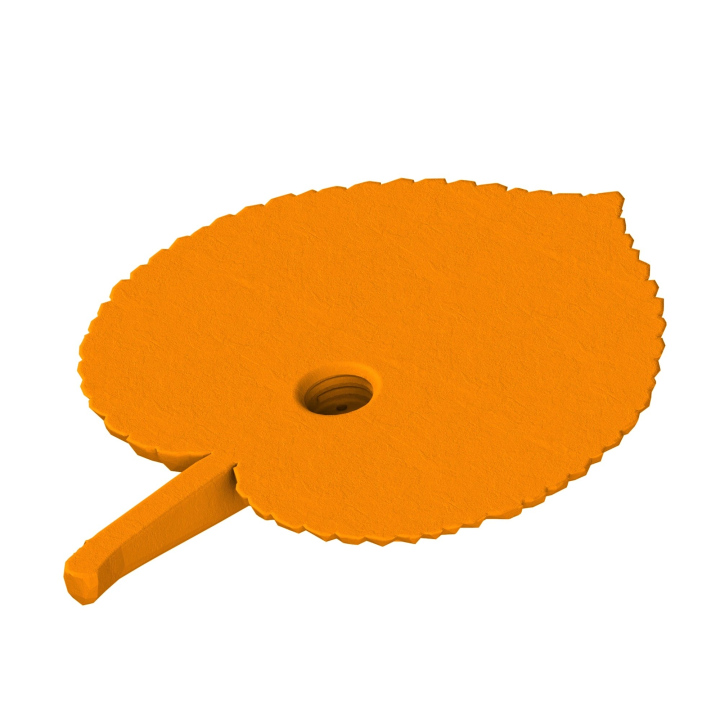 Ukrycie zapachu do treningóe nosework - atrapa liścia z lipy z gniazdem na puszki zapachowe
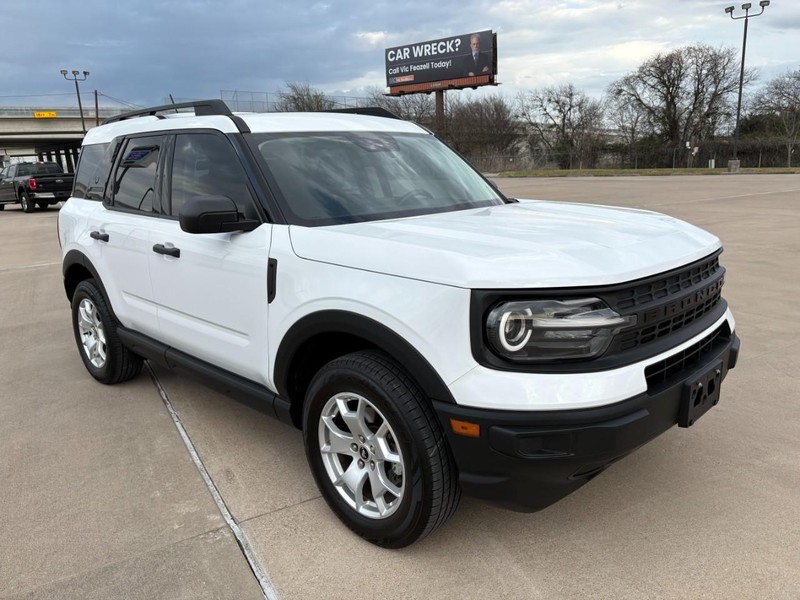 Ford Bronco Sport Vehicle Full-screen Gallery Image 08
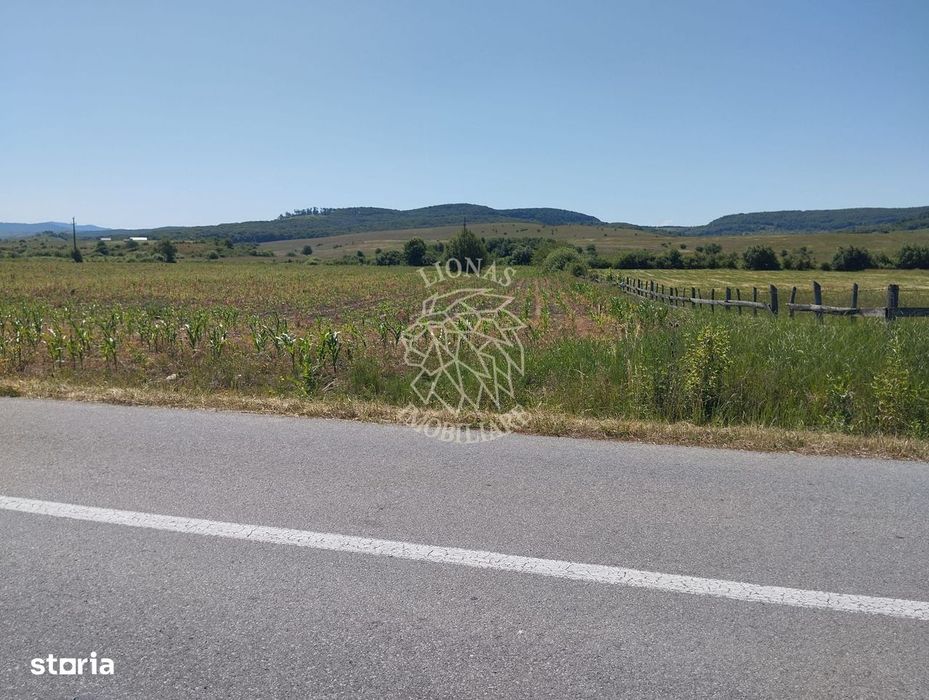 Teren 1200 mp cu utilitati-panoramic-Livezile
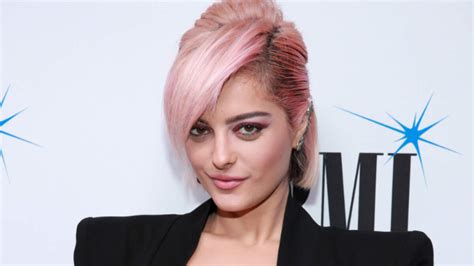 Bebe Rexha Shows Off Her Curves in Sexy Bikini Photos from。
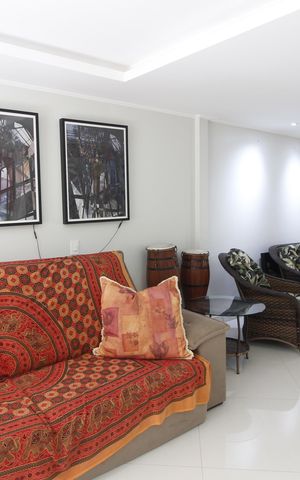 Casa para alugar com 300m², 3 quartos e 3 vagasSala 1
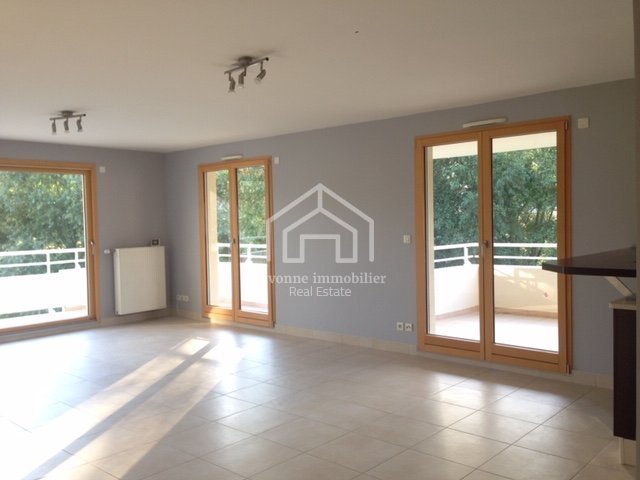 APARTMENT 4 ROOMS TO RENT - DIVONNE LES BAINS - 120.47 m2 - 2 850 &euro; including tenant fees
########################################
Task details: Every line from the one containing "Casa para alugar" through the end of the entries above is to be copied exactly; pictures are to be left out.

Exercise answer:
 Casa para alugar com 300m², 3 quartos e 3 vagasSala 1
 APARTMENT 4 ROOMS TO RENT - DIVONNE LES BAINS - 120.47 m2 - 2 850 &euro; including tenant fees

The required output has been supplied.